We called several state lawmakers along with U.S. Reps. Greg Steube and Vern Buchanan and only Steube’s office had returned our message before deadline — although we were unable to reach his staff on a return call. We were hoping they could educate us on their ability, or lack of, to help steer money our way.
The revenues can be used for things like electric-charging stations for vehicles, for airport improvements over the next five years and even to help people on low incomes pay for internet service.
The funds can make a difference in everyone’s lives if spent the right way. And, spending the right way requires transparency on the part of state officials who will be doling out the cash.
Agriculture Commissioner Nikki Fried, who is running for governor against DeSantis, said Florida’s share of the cash could balloon to $30 Billion if the state plays its cards right. She said using the money to partner with others to get projects done is a real possibility. And, she noted, the state can draw part of another $3.5 billion tied to a national program tied to weather events that would reduce energy costs for families.
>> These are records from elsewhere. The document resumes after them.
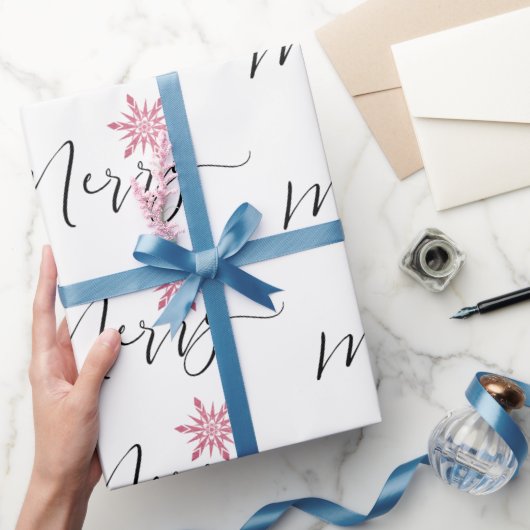 カリグラフィピンクグリッターの雪だるま ラッピングペーパー (ギフト)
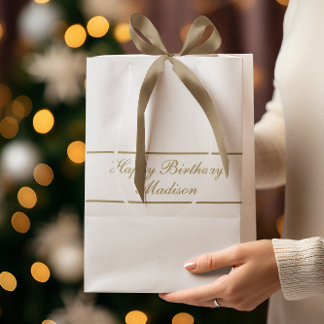 Sacola Para Presentes Média Feliz Aniversário Nome em Rascunho Dourado Branco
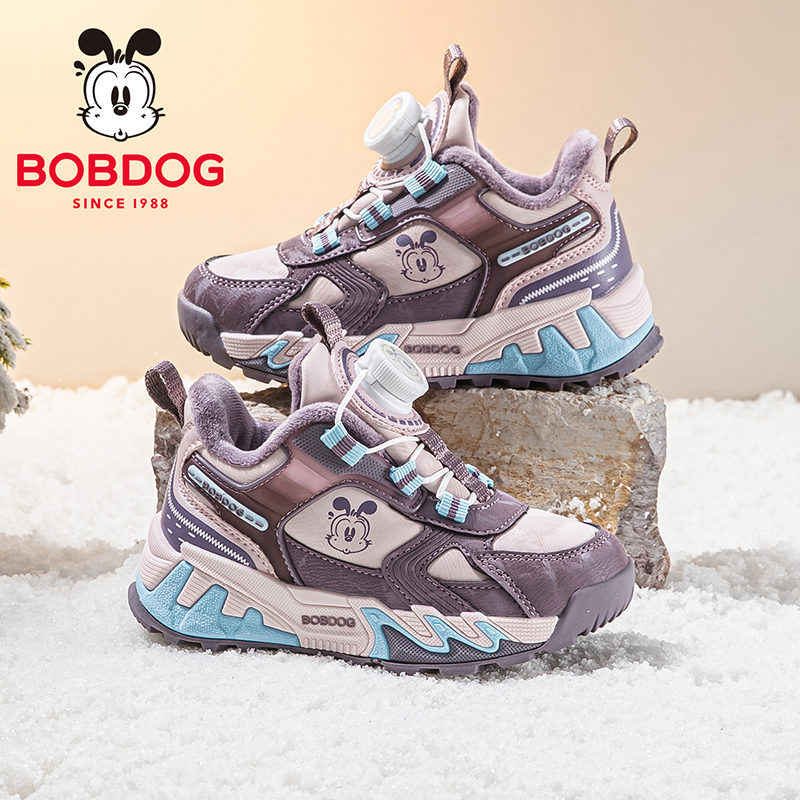 巴布豆童鞋女童鞋子2025新款冬季女孩二棉鞋加绒加厚女大童运动鞋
There has been the usual partisan bickering over the huge spending bill. We understand that. Just as Republicans express opposition to the bill out of concern for the national debt and how the package of perks will be paid for, we too worry the claim that pushing the burden on wealthier Americans and companies that dodge taxes may not be realistic.
But, the bill has passed and there’s no stopping the disbursement of funds as Congress and states work on a plan over the next few weeks to put the money to work where it is needed most.
That said, they can start right here in Southwest Florida.